Он вошел внутрь и нажал на кнопку первого цокольного этажа. Оставалась еще опасность того, что какой-нибудь алааг на нижнем этаже вызовет тот же лифт. Если лифт остановится и откроется дверь, за которой будет стоять Шейн, то он окажется в ловушке: вдвойне виновный - в том, что находится там, где не положено, и в том, что не исполняет своих обязанностей, которые в данный момент заключаются в том или ином отдыхе. Только алаагам разрешалось пользоваться лифтами.
На мгновение ему показалось, что лифт притормаживает на первом этаже. В глубине сознания, подобно молнии в летний вечер, вспыхнул план действий. Если лифт все-таки остановится, откроется дверь и выйдет алааг, Шейн собирался вцепиться в горло чужаку. Хорошо, если тот инстинктивно убьет его и Шейн избежит допроса по поводу того, почему он оказался в лифте.
Но лифт не остановился. Он продолжал двигаться вниз, и сигнальные лампочки показывали приближение к этажу ниже уровня улицы. Шейн нажал кнопку остановки. Лифт остановился, дверь открылась, и Шейн вышел на небольшую квадратную площадку, ведущую прямо к стеклянной двери, за которой виднелся идущий наверх лестничный марш. Как Шейн и ожидал, он натолкнулся на один из путей выхода чужаков из здания.
Выйдя из лифта, он быстро пересек площадку и оказался у двери. Разумеется, она была заперта; но в кармане он носил ключ Лит Ахна или по крайней мере ключ, который разрешалось иметь при себе всем особым служащим Лит Ахна из породы людей. Этот ключ мог открыть любую обычную дверь в здании, принадлежащем пришельцам. Он вставил ключ в замок, и тот открылся. Дверь бесшумно распахнулась. Секундой позже он поднялся по ступеням и оказался наверху, на улице.
Он почти побежал по улице и свернул направо на первом перекрестке в поисках магазинов. В четырех кварталах впереди он нашел большую площадь с множеством магазинов. Возвышаясь над безразличной ему толпой, в углу площади, перед рядом колонн, поддерживающих пассаж над тротуаром, восседал одинокий алааг на ездовом животном. Невозможно было сказать, находится ли чужак при исполнении или просто ждет кого-то. Но Шейну теперь было бы неразумно пользоваться магазином на этой площади.
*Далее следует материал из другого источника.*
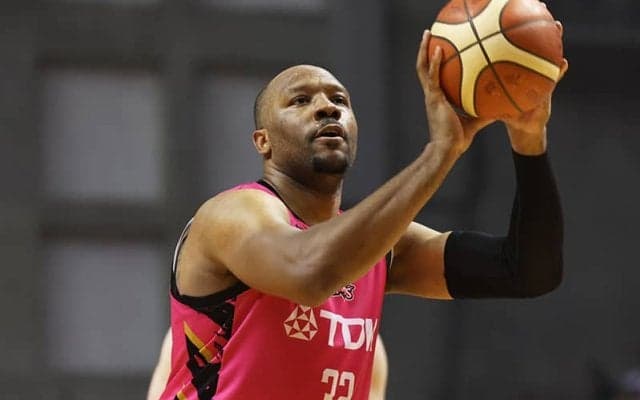 ハビエル・カーターが秋田から滋賀へ移籍「合流が待ち遠しい」眞庭GM“第1号の契約選手”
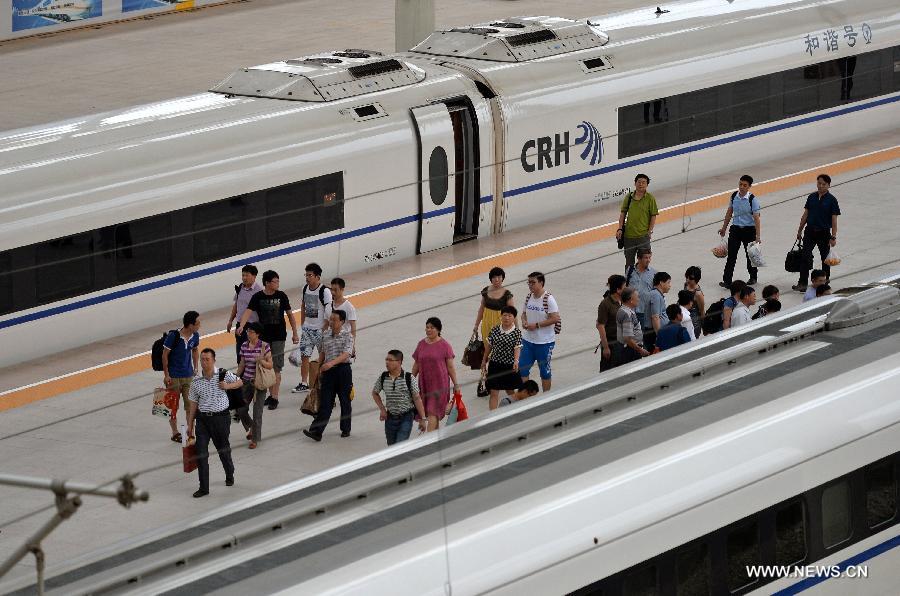 С 1 июля вводится новое расписание движения на китайских железных дорогах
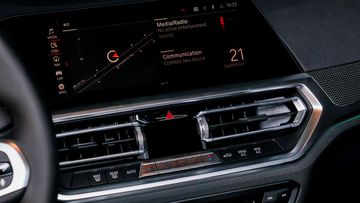 Cửa gió điều hòa BMW 4 Series 2023 có thiết kế góc cạnh và viền nhôm rất sang trọng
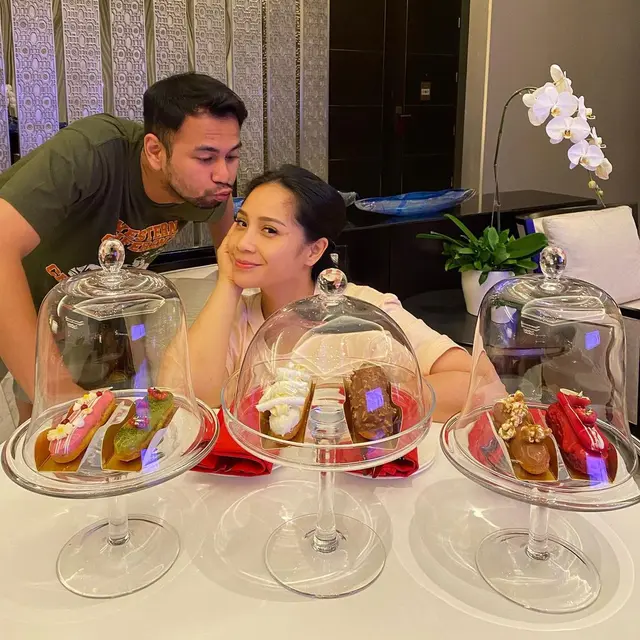 6 Potret Raffi Ahmad Jadi Suami Siaga Jelang Kelahiran Anak Kedua Nagita Slavina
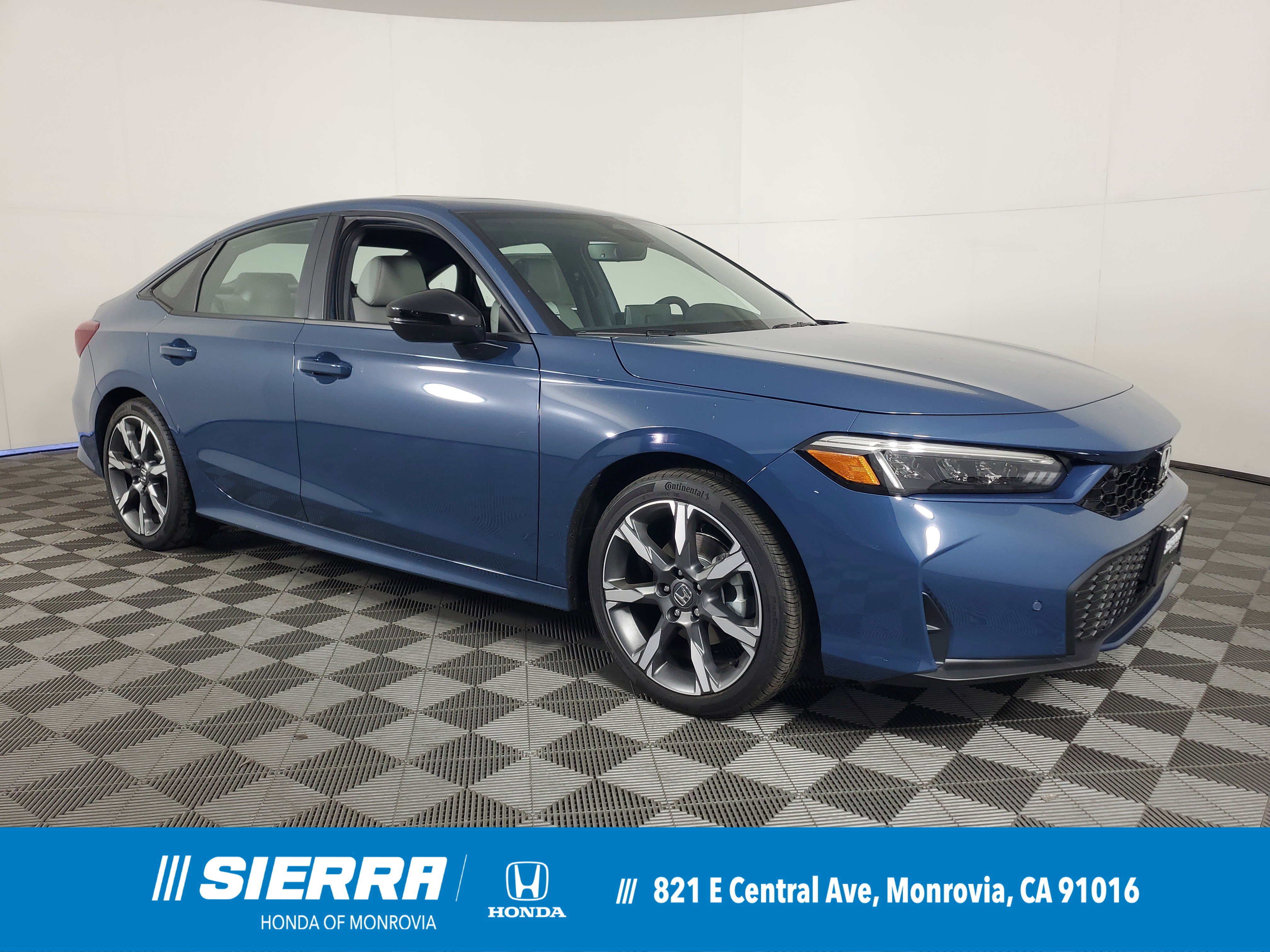 2026 Honda Civic Sport Touring's photo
Он поспешил дальше. Пройдя немного вперед, он обнаружил торговый центр меньшего размера с магазинами по обеим сторонам тупикового переулка; в одном из магазинчиков продавалась та незатейливая одежда, которую алааги разрешали покупать людям.
Шейн вошел внутрь, при этом негромко зазвонил маленький колокольчик над дверью.
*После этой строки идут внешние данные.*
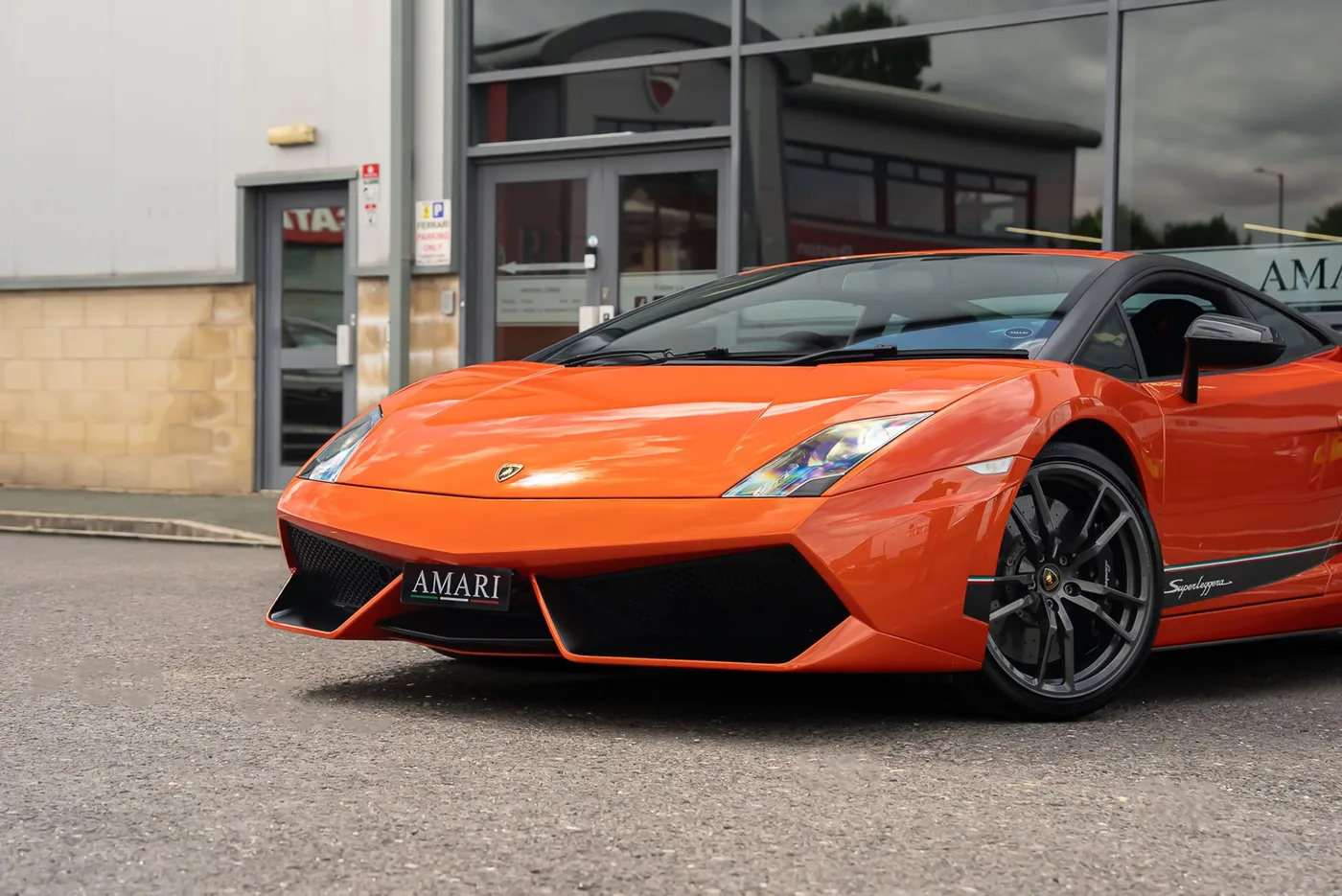 2013 Lamborghini Gallardo LP 570-4 Superleggera offered by a supercar dealer in Preston, United Kingdom, photo 11 of 25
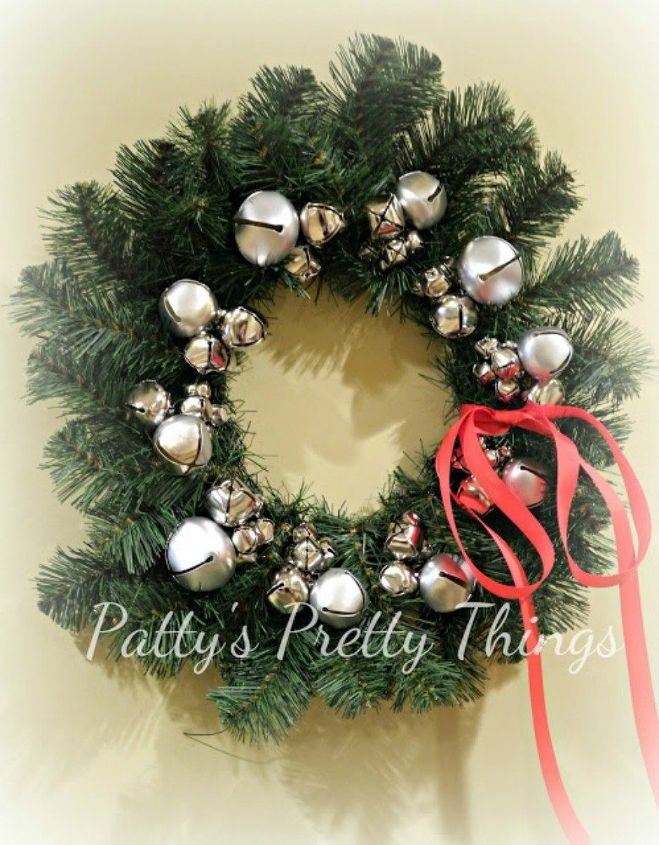 s don t hang your wreath before you see these 12 updates, crafts, wreaths, Attach a bunch of jingle bells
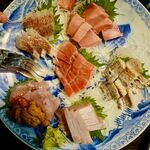 大衆料理　川治 - 刺身盛り合わせ
            ほうぼう雲丹のせ・太刀魚・金目鯛・真鯛・〆鯖・大トロ・鰤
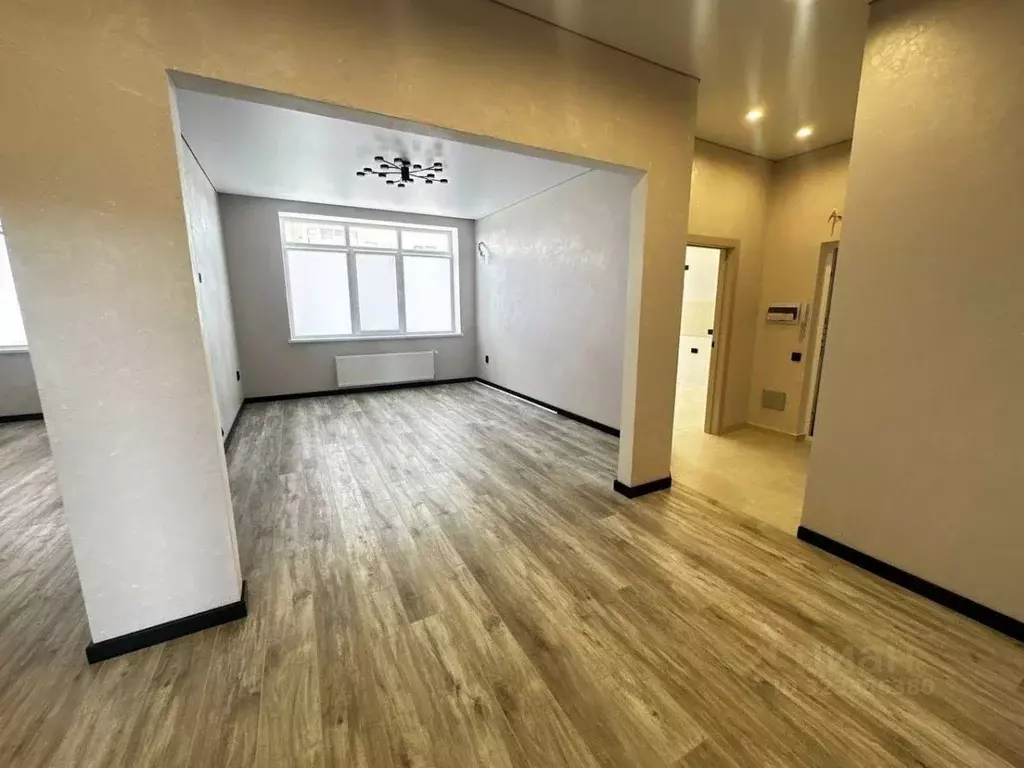 3-к кв. Крым, Симферополь просп. Победы, 99 (85.0 м) - Фото 2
– Сеньор? - послышался голос.
Когда глаза Шейна привыкли к полумраку, он разглядел прилавок, заваленный высокими кипами сложенной одежды, а за прилавком - низенького смуглого мужчину. Удивительно, что в эти дни оккупации мужчина не был лишен небольшого брюшка, заметного под свободной желтой рубашкой.
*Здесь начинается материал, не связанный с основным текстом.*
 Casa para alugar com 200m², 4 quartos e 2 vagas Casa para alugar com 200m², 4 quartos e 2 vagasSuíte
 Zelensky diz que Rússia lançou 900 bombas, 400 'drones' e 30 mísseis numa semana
– Мне нужна длинная туника,- сказал Шейн.- Двусторонняя.
– Сейчас- Владелец магазина стал пробираться из-за прилавка.- Какого типа?
– Сколько стоит самая дорогая?
– Семьдесят пять новых лир или эквивалент в валюте, сеньор.
Шейн порылся в кошельке, висящем на шнуре вокруг пояса, и бросил на прилавок перед собой металлические монеты, выпускаемые алаагами в качестве международной валюты,- золотые и серебряные прямоугольники, которыми он награждался как служащий Лит Ахна.